Monday, February 24, 2014

Sapatinhos de postal


Poder-se-ia procurar uma explicação razoável para a afinidade congénita entre o postal ilustrado e o sapato: afinal de contas, os mais genuínos viajantes, que arredam caminho, calcorreiam ruas e palmilham estradas, são também remetentes destas missivas que tantas vezes mostram as vistas de cidades distantes. Mas as coincidências que unem a história destes dois objetos parecem mais pertencer à sucessão misteriosa dos acasos do que ao mundo das justificações lógicas.

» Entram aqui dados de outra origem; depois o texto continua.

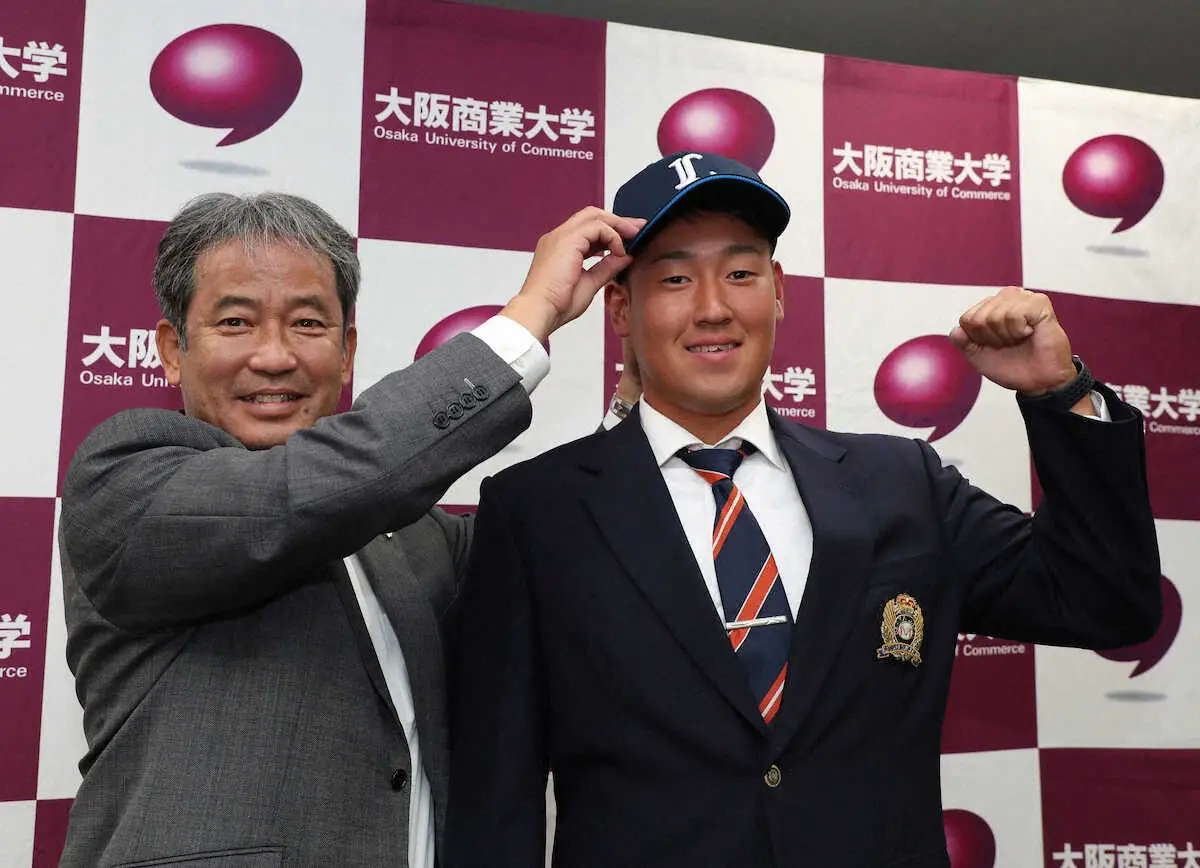 【画像・写真】西武ドラ2大商大・上田に指名挨拶「どの役割でもやる」潮崎氏「救援もいける」と高評価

Grande parte dos colecionadores e ajuntadores de postais usa as caixas de sapatos para acumular os mais velhos e os mais novos cartões de mensagens, estejam estes manuscritos, estejam estes em branco. O hábito já é tão conhecido que no postal que publicita uma caixa destinada à “arrumação racional de postais ilustrados”, à venda num mercado de antiguidades na Rue des Martyrs em Paris, a dupla de cartófilos franceses responsável pela invenção se regozija pela novidade que acabará com o enfadonho ritual de guardar postais em caixas de sapatos. Certo é que esta caixa, espécie de gadget que se viria a revelar demasiado pesada e, por isso, um fracasso, segundo testemunha o comerciante de postais antigos, não “chegaria aos pés” da sua popular rival.

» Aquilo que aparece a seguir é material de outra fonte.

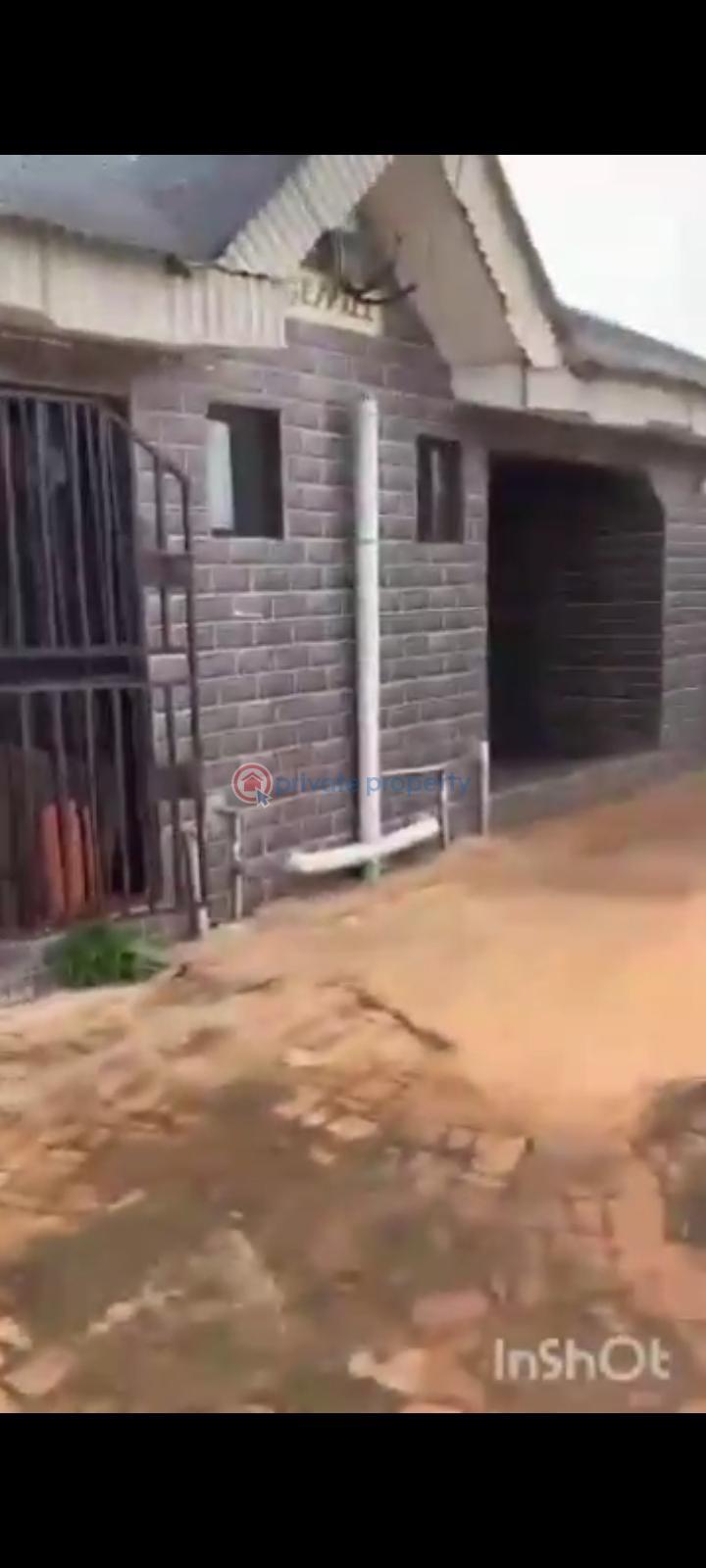Bungalow For Sale Itasanni Ogijo Via Odogunyan Ikorodu, Lagos. Ikorodu Lagos - 0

E se nas caixas de sapatos gratuitas cabem postais de todo o tipo, também nos postais gratuitos cabem muitos sapatos. Já é sabido que muitas marcas de sapatos usam o formato do postal para publicitar as suas coleções: os freecards, postais gratuitos distribuídos em stands próprios numa rede de espaços públicos, cujo público-alvo é maioritariamente jovem, são um criativo suporte das campanhas publicitárias de marcas de calçado urbano e desportivo.

Mas, mais do que isso, os postais tornaram-se recentemente o material de decoração e o veículo de promoção da cadeia de lojas de sapatos Camper. Martí Guixé, designer espanhol, tem desde o ano passado atravessado o globo para modificar as montras e o interior dos pontos de venda de calçado Camper de todo o mundo – Bruxelas, Paris, Copenhaga, Chicago, Istambul, Singapura... As Camper Postcard Shops já são um fenómeno de popularidade mundial: a ideia é que quem compre um par dos vistosos sapatos da marca espanhola tenha também direito a escolher, escrever e enviar um postal, no interior da própria loja.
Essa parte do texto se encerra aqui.